It is difficult to get an accurate reading on how commonly a word is used in a given society. In fact, the task of measuring word frequency fully objectively is inherently impossible. The results will always be affected by the size of the corpus and the choice of the texts entered in it. On a global scale, where words take on subtle new meanings as they are appropriated into the semiotic structure of the actor and thereby changed, the problem becomes even more obvious. Frequency means nothing without cultural context.
This is not to say that frequency isn’t important. It is important and revealing. Frequencies are only broadly indicative of cultural salience and they can only be used as one among many sources of information about a society’s cultural preoccupations. But measurements only tell part of the story. And when they are decontextualized or proscribed meanings based on the person developing the algorithm that assigns sentiment. They give a potentially false understanding. To be correctly interpreted, figures have to be considered in the context of an in-depth analysis of meanings.

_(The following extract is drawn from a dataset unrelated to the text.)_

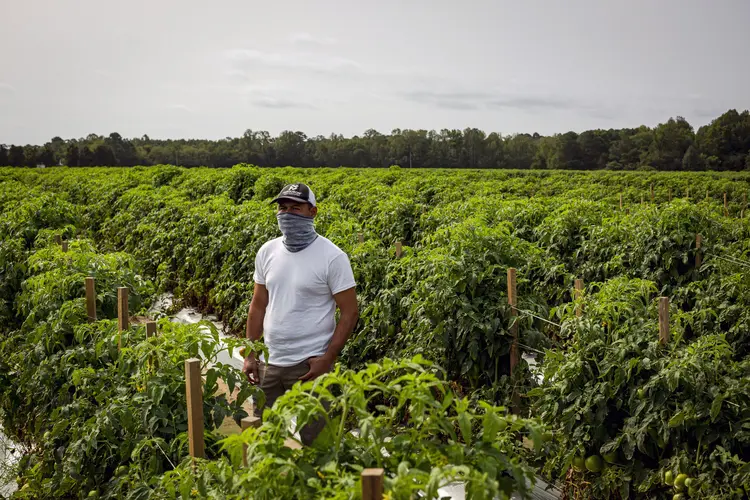 Trabalhador em fazenda de tomate na Virginia, EUA, isolado por conta do coronavírus (Carlos Bernate/The New York Times)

If four thousand people call a product “shitty,” it is fair to say that four thousand people reacted negatively to it. But that measurement can’t tell us about the culture of those people – are they engineers addressing it from a technological angle? Are they Venezuelan students reacting to a larger political issue? We assume that a word can be easily categorized along a linear trajectory – negative/positive, etc. But this isn’t necessarily the case. Words can be studied as focal points around which cultural domains are organized. By exploring these focal points in depth, we may be able to show the general organization principles which lend structure and coherence to a cultural domain as a whole, and which often have an explanatory power extending across multiple domains.
The underlying principle lacking in current social media monitoring processes is allolexy. The term allolexy refers to the fact that the same element of meaning may be expressed in a language in two or more different ways. Just as one word can be associated with multiple meanings, one meaning can often have two or more different lexical exponents. For example, in English, I and me are allolexes of the same primitive concept (In Latin, Ego). Often allolexes of a semantic primitive are in complimentary distribution. So in English, a combination of the semantic primitives someone and all is realized as everyone or everybody. In these particular contexts –one and –body can be seen as allolexes of someone; and –thing can be seen as an allolex of something. This notion of allolexy plays a particularly important role in social media monitoring because it allows us to build inflectional categories. For example, the forms am doing, did, and will do used without temporal adjuncts convey different meanings, but when combined with the temporal adjuncts now, before now, and after now, as in the sentences below, they are in complementary distribution and can be seen as allolexes of the same primitive DO:
- I am doing it now.
- I did it before now.
- I will do it after now.
When we apply an approach derived from an allolexical perspective, we can start to determine where sentences or words “match,” semantically, across languages, even though inflectional categories can differ considerably from language to language. In other words, if a word is taken out the process of discourse, it loses meaning and is therefore subject to interpretation that lacks a way of accounting for either semantic variance or semantic stability – it is nothing short of a guess.
In a sense it is true that words have no “fixed” meanings because meanings of words change. But if they were always fluid and without any “true” content, they could not change either. Words do have identifiable, “true” meanings, the precise outlines of which can be established on an empirical basis by studying their range of use and articulating the contexts that subtly repurpose them. The key point is that social media monitoring today does not account for semantic deviation and language as fundamentally tied to discourse.